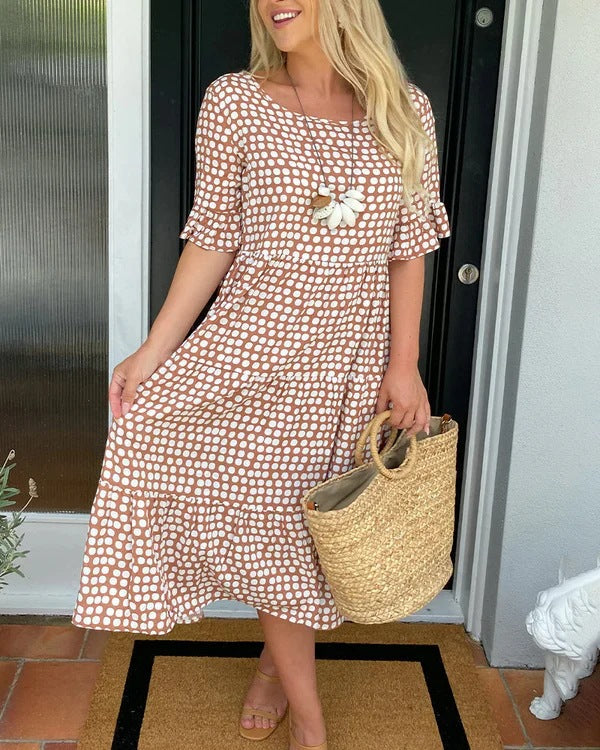 Classic women's dotted midi dress offering a comfortable, relaxed fit. Ideal for spring, summer, or everyday style.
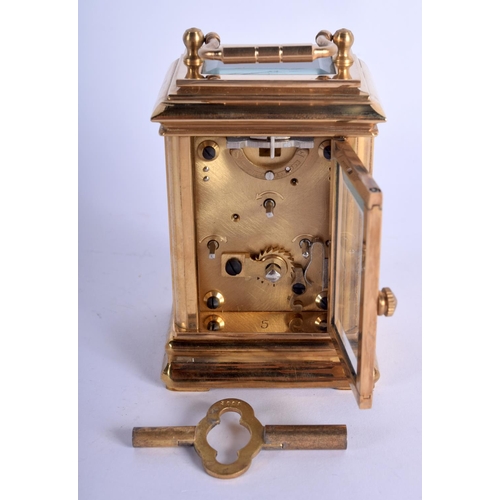 373 - A CONTEMPORARY BRASS CARRIAGE CLOCK. 9.5 cm high inc handle.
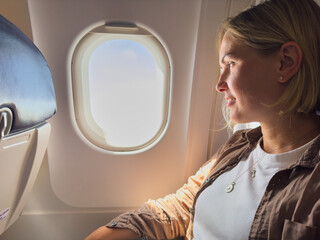 Passenger woman is flying in plane. Girl sitting in airplane looking out window going on trip...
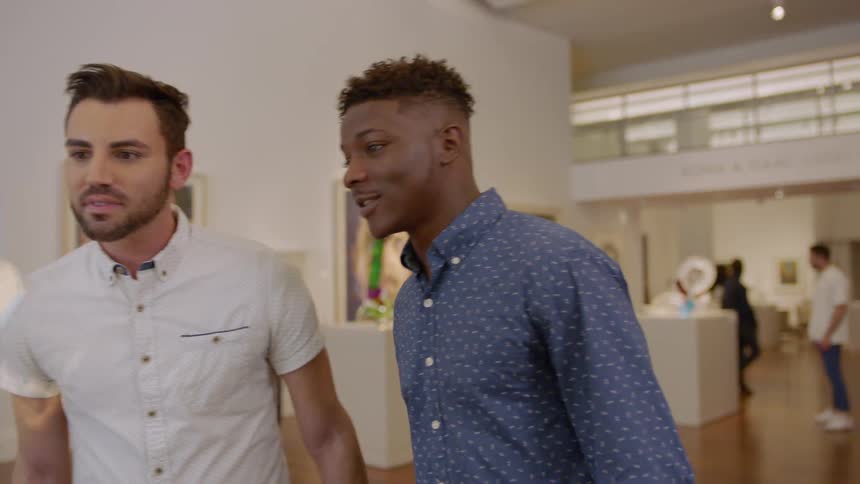 Two men hold hands while looking at an art exhibit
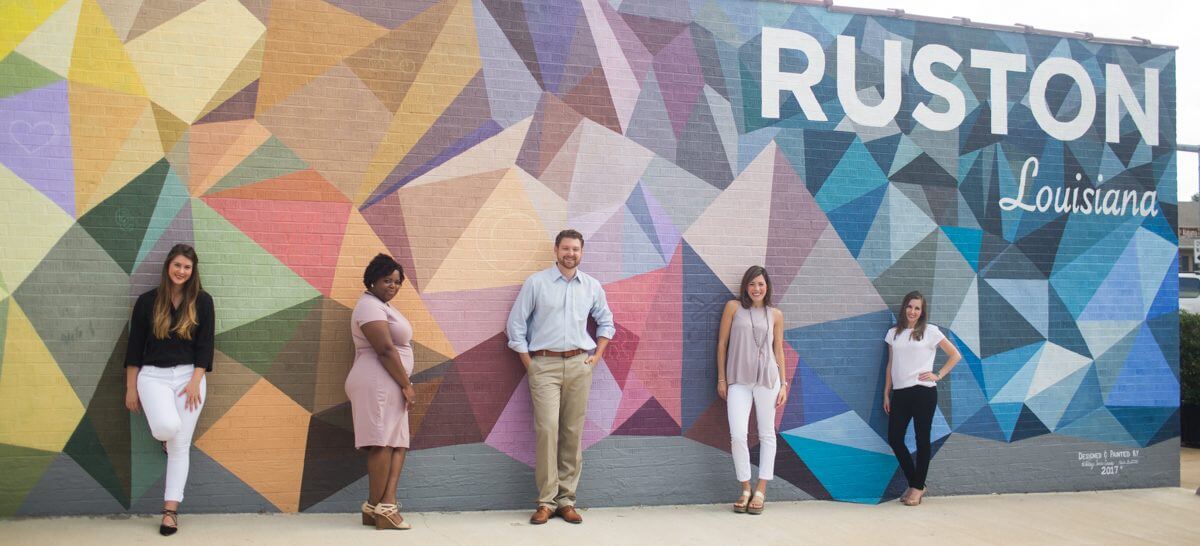 group of five individuals standing in front of mural in downtown Ruston, Louisiana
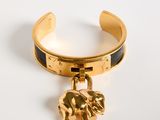 bracelet manchette plaqué or avec pendentif en forme d'éléphant sur fond blanc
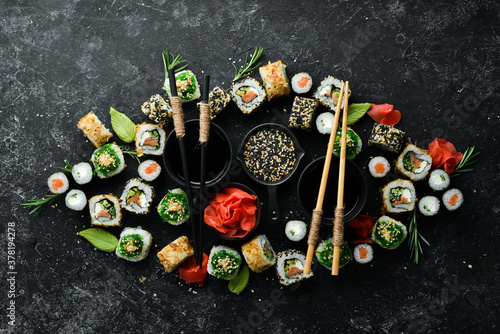 Set of tasty sushi and maki rolls on black stone background. Japanese food. Top view. Free space for your text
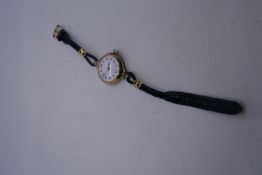 Vintage 9ct yellow gold watch with enamel dial with blue and red numbers, marked 375, graved with in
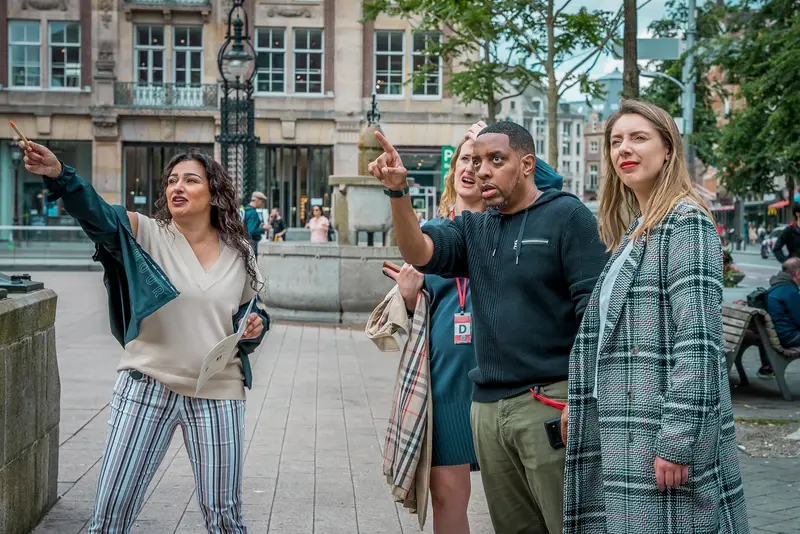 Teams exploring Amsterdam's canal ring during a corporate treasure hunt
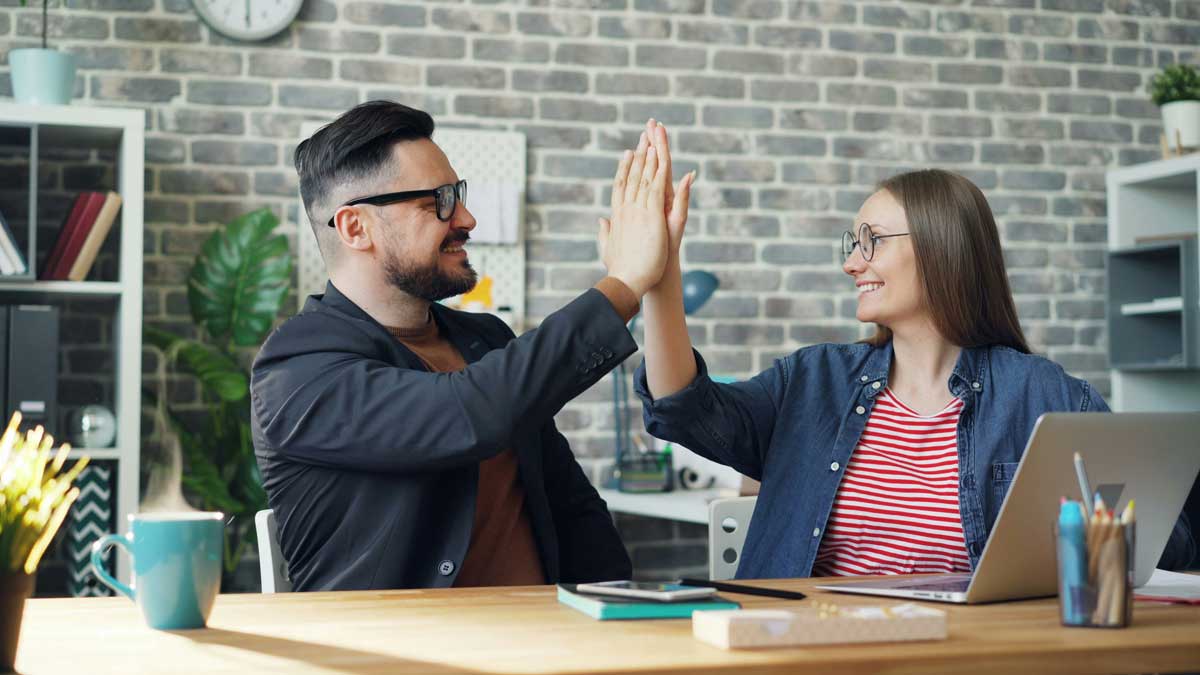 Happy colleagues man and woman doing high-five sitting at table in office while cup of hot tea is steaming on desk.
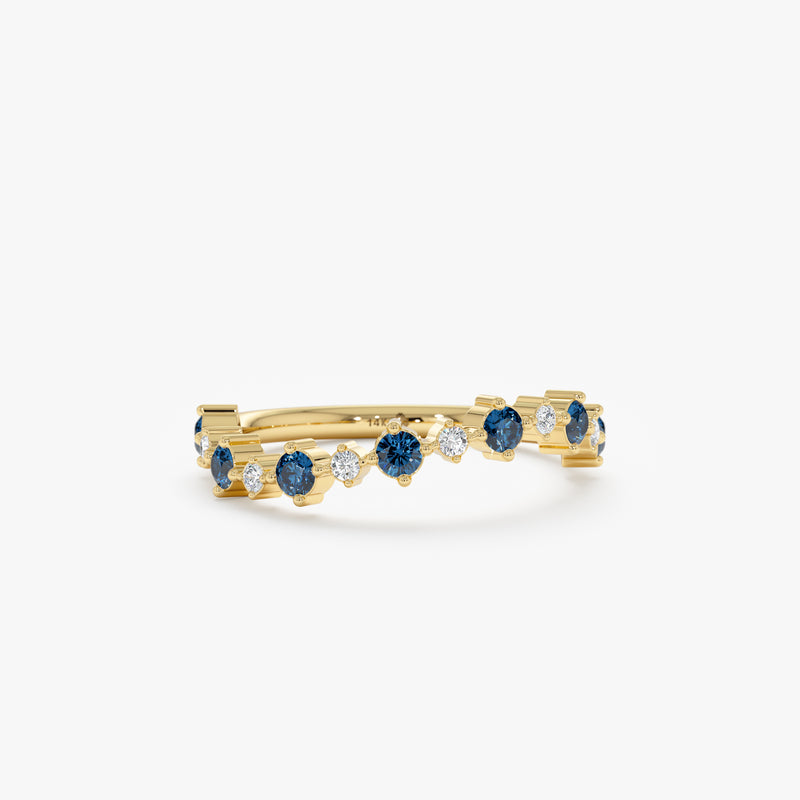 yellow gold diamond and blue topaz ring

*YOUR OBJECTIVE*: Everything from the line containing "Set of tasty" to the last line of the listing above is to be written out exactly, except the pictures, and nothing else.

*WRITTEN SOLUTION*:
 Set of tasty sushi and maki rolls on black stone background. Japanese food. Top view. Free space for your text
 Vintage 9ct yellow gold watch with enamel dial with blue and red numbers, marked 375, graved with in
 Teams exploring Amsterdam's canal ring during a corporate treasure hunt
 Happy colleagues man and woman doing high-five sitting at table in office while cup of hot tea is steaming on desk.
 yellow gold diamond and blue topaz ring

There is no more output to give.